Peach pie is a big favorite for people all across the country. This beautiful pie was baked recently by my friend, Sally Hansen Sylvester. More than a few years ago we were high school classmates in Lusk, Wyoming — and thanks to NCHS class reunions and Facebook communications, Sally and I are still in touch. Although I have always preferred cooking to baking, I admire those who have that very special golden touch when it comes to baking. Thanks for sharing your peach pie, Sally — and now I’m really curious about those “Creole Pralines” on your coffee mug!
For the pie dough:
2½ cups all-purpose flour
12 tablespoons cold, unsalted butter (in 1/2-inch cubes)
1 teaspoon kosher salt
1 egg yolk, beaten
1 teaspoon cider vinegar
1/4 cup water (taken from 3/4 cup ice water)
1 egg white, beaten
Granulated sugar
For the pie filling:
6-8 ripe peaches (about 5 cups) — peeled, pitted and sliced
2 tablespoons freshly-squeezed lemon juice
1 cup granulated sugar
1/4 cup all-purpose flour
1/4 teaspoon freshly-ground nutmeg
For the pie dough: Use the pulse function of a food processor (or your fingertips) to blend flour, butter and salt together to a “coarse meal” consistency — pebbles of butter should remain in the mixture; set aside. Add the beaten egg yolk and vinegar to 1/4 cup of the ice water; stir to combine. Drizzle 4 tablespoons of this mixture over the prepared dough, and gently stir or pulse to combine. Pinch off a piece of dough about the size of a golf ball; squeeze it to combine. If dough does not hold together, add a little more of the liquid to the dough; pulse once more and check dough again. Repeat this step, as needed, until dough holds together when tested. Turn dough out onto a lightly-floured surface, and form into a rough ball. Divide the ball in half with a pastry scraper; then divide each portion in half again and again, creating 8 portions. Flatten each portion of dough once or twice with the heel of your hand (expanding the pebbles of butter), then gather dough together again into one ball. Divide the ball in half, and flatten each ball into a 5-inch or 6-inch disc (making one disc slightly larger than the other). Wrap discs separately in plastic wrap and refrigerate at least 60 minutes.
For the pie:
Preheat oven to 425°. Combine sliced peaches, lemon juice, sugar and flour in a large bowl. Mix gently to combine; set aside. Remove the larger pastry disc from the refrigerator; roll it out on a lightly-floured surface and place it in a 9-inch pie plate. NOTE: Before proceeding further, read the miscellaneous ideas shared in “Helpful Options”. Add peaches to the prepared pie crust; sprinkle with nutmeg and set aside. Remove the second disc of pastry from the refrigerator and roll it out. Carefully place it on top of the pie filling, and wet the edges of the bottom pastry lightly with ice water. Trim off any excess pastry, then pinch the edges of the bottom and top pastries together; cut a few slits in the top crust for steam to escape. Brush beaten egg white over the top crust, especially around the edges, and sprinkle with granulated sugar. Bake 15 minutes then, without opening the oven door, reduce heat to 375°. Bake 45-60 minutes, until peaches are bubbly and pastry is golden. — Serves 6-8
Helpful Options
Should pie crust be chilled before rolling it?
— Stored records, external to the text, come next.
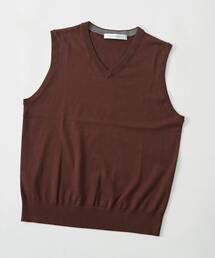 MEN'S MELROSE | ウォッシャブルハイゲージニットベスト(ベスト)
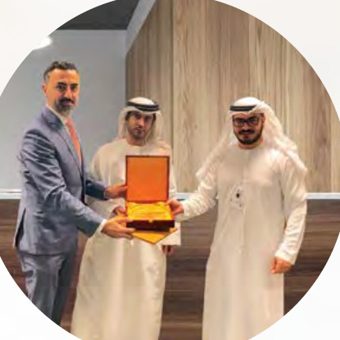 Certificate of appreciation presented by the Central Bank of the UAE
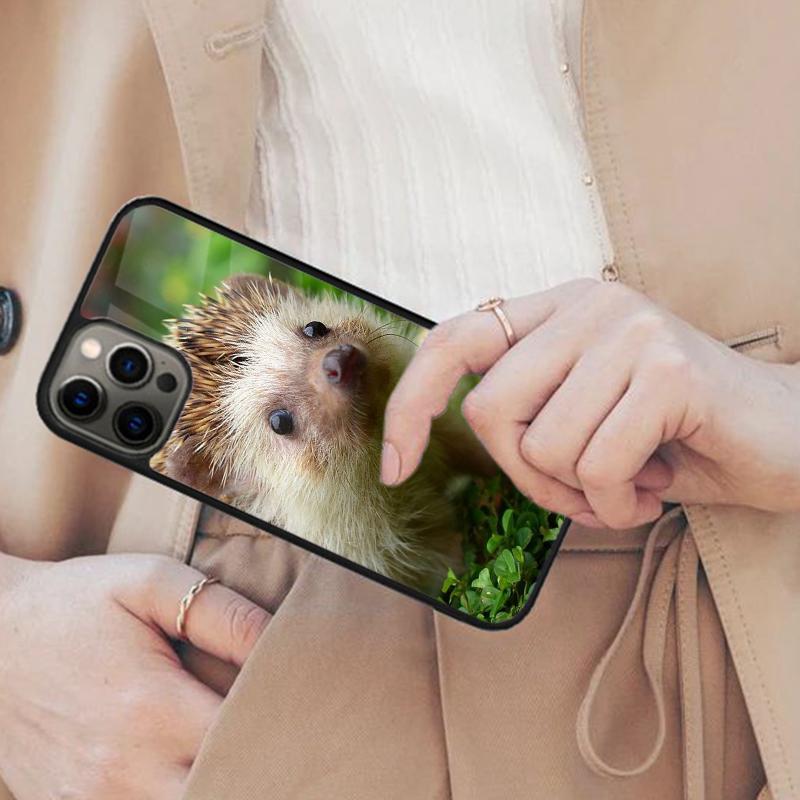 Cute Hedgehog Flower Cartoon Magnetic Phone Case For APPLE iPhone 17 Air 16 14 13 12 Pro Max 15 Plus Charge MagSafe Cover
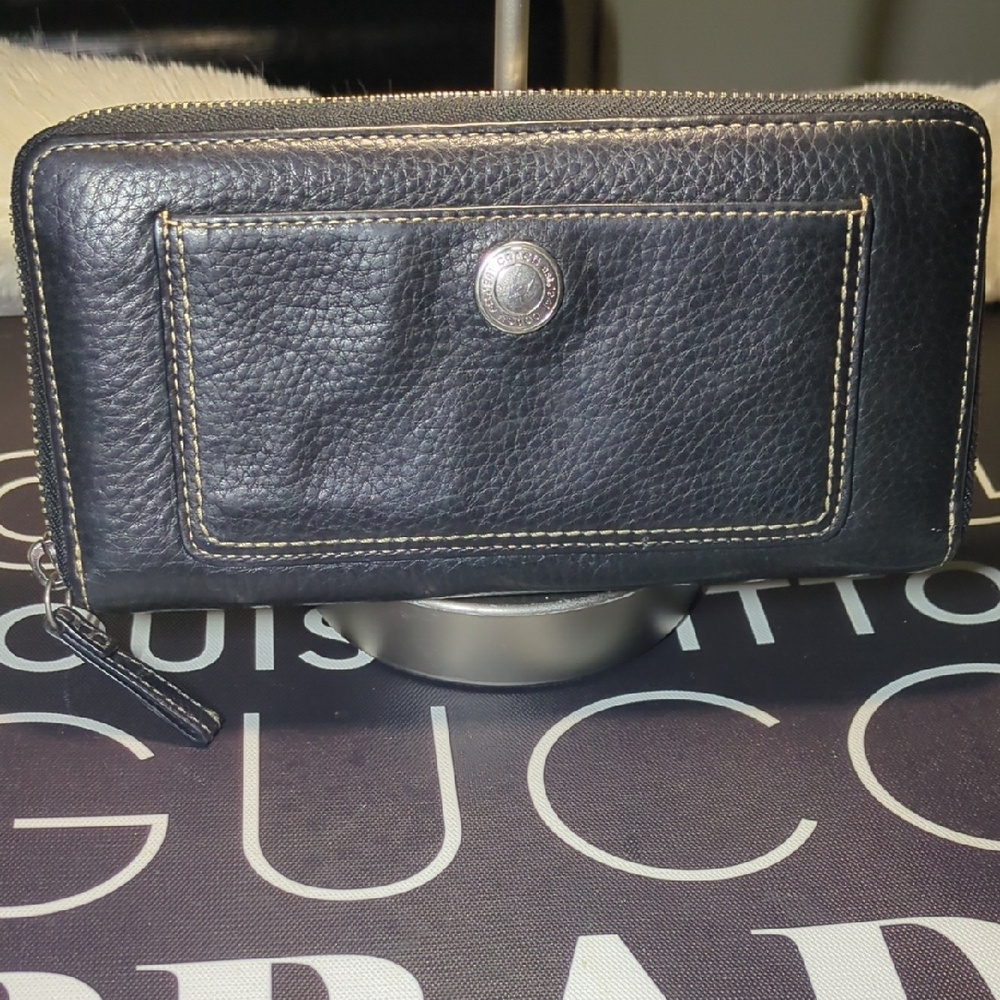 Chelsea Coach Leather Zip- Around Accordian Wallet NOW ONLY $999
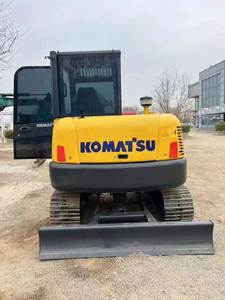 Motor Komatsu Usado, Excavadora de Orugas de Goma Komatsu PC56MR 5T |   Miniexcavadora Original Japonesa con Cucharón, Acoplador Rápido y Martillo Rompedor - Product Image 2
Chilling pie dough in the refrigerator for 30-60 minutes (or up to overnight) hardens the fat and relaxes the gluten in the dough, helping to maintain the crust’s structure as it bakes and preventing a tough crust.
What keeps the bottom crust of a peach pie from becoming soggy?
(1) Add a Layer — Sprinkle a light layer of dried breadcrumbs or crushed cornflakes (or other types of cereal) on the bottom crust before filling and baking.
(2) Brush the Bottom — Coat the bottom crust lightly with corn syrup (or with a slightly-beaten egg white) before adding the filling to form a seal between the pie dough and the filling and help to make a crisp and flaky crust.
(3) Fill It While It’s Hot — Don’t let the filling cool before adding it to the crust, because a hot filling helps to “set” the crust and reduce sogginess even before it goes into the oven.
What is the best way to thicken peach pie filling?
All-purpose flour or cornstarch is quite often used, but sometimes tapioca, arrowroot or potato starch can help to achieve the desired consistency. Remember — cornstarch has twice the thickening power of flour, so be sure to adjust the amount accordingly when using cornstarch. Tapioca starch may be preferable for blueberry, cherry or peach pies (especially if they are to be frozen) as it does not break down when thawed. Arrowroot works well with higher acidity fruits, such as strawberries or blackberries, because (unlike cornstarch) the fruit’s acidity does not break it down. Potato starch, unlike some of the other options, also does not break down and will not cause a pie to become watery. All of these options are workable, but plain old flour still works just fine.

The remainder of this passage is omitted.